Iran to executive amputation sentences for robbery convictions amidst unfair trial concerns – JURIST

The Iranian authorities are set to carry out finger amputation sentences against three prisoners as early as April 11, 2025. Amnesty International warned Friday that amputation sentences, amounting to torture, and the denial of legal representation are violations of international law.
Iranian authorities have informed the men—Hadi Rostami, Mehdi Sharifian, and Mehdi Shahivand—that they are sentenced to “have four fingers on their right hands completely cut off so only the palm of their hands and thumbs are left.” Their sentences may be carried out as early as April 11, 2025. Amnesty International has urged the international community to intervene and pressure Iran to halt what it calls a “spectacle of brutality.”

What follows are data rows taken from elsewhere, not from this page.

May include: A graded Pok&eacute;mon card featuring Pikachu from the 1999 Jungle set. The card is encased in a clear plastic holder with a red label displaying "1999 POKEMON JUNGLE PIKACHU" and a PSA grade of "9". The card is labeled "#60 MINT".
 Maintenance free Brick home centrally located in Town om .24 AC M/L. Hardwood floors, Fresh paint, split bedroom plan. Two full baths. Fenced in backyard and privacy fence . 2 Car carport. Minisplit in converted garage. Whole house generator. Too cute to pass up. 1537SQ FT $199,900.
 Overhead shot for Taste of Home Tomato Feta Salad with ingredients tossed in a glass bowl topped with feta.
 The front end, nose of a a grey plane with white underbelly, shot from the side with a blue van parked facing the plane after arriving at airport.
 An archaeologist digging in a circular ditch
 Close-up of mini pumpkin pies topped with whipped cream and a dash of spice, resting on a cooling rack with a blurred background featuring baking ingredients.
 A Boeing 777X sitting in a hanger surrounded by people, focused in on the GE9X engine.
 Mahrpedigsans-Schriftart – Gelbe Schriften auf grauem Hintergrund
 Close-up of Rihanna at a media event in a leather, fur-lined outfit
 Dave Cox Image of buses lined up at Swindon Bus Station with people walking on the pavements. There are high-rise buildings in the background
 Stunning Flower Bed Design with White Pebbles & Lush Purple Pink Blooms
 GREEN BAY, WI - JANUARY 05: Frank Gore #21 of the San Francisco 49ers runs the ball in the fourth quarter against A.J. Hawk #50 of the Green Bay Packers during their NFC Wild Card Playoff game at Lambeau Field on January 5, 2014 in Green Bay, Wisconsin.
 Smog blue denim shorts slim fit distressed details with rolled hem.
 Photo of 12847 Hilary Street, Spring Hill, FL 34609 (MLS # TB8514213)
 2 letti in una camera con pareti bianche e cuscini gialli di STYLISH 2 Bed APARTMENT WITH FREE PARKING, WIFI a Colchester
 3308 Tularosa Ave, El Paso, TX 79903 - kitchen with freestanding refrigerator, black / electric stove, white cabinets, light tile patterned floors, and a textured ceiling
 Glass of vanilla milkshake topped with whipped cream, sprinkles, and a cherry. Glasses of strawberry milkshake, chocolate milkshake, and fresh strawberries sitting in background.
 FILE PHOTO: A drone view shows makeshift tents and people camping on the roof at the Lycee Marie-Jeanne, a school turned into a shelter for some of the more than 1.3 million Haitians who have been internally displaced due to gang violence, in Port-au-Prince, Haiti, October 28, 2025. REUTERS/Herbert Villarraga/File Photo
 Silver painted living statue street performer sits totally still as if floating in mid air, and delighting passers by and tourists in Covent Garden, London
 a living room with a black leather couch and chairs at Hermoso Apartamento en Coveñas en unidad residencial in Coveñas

According to the group, the sentences are reportedly based on coerced confessions obtained under torture and issued following trials Amnesty describes as grossly unfair. The prisoners were convicted of robbery in 2019 and sentenced to the removal of four fingers from their right hands.
The three men were denied access to legal counsel during the investigation stage and were convicted based on confessions extracted through severe physical and psychological abuse. These included beatings, floggings, and threats of sexual violence. Despite allegations of torture being raised at trial, Iranian courts—including the Supreme Court—failed to order independent investigations.
Hadi Rostami has written an open letter to human rights organizations, urging them to intervene:
I, Hadi Rostami, an inmate from Ilam, have been incarcerated in Orumiyeh Central Prison since 2017 on charges of “theft” and sentenced to the amputation of four fingers on my right hand—despite my innocence. I have repeatedly stated that I have no knowledge of the 22 cases of theft listed in my file. However, in the detention centre of the Orumiyeh’s Criminal Investigation Department, I was subjected to severe torture and forced to sign blank papers. Even then, I continued to assert my innocence, but my voice was ignored.
The sentence, in accordance with Iran’s Islamic Penal Code, is part of a broader framework of corporal punishment that has been used to address crimes such as theft. While amputation is legally sanctioned in Iran, this practice contradicts various international legal standards, especially human rights obligations under treaties that Iran is a party to. This reflects a legal system that remains resistant to international pressure for reform.
This latest warning follows a similar incident in September 2024, when authorities amputated the fingers of two individuals for theft. Victims of these punishments are overwhelmingly from marginalized or economically vulnerable communities. Amnesty reports that the practice not only inflicts irreversible harm but further entrenches poverty and discrimination against people with disabilities in Iran.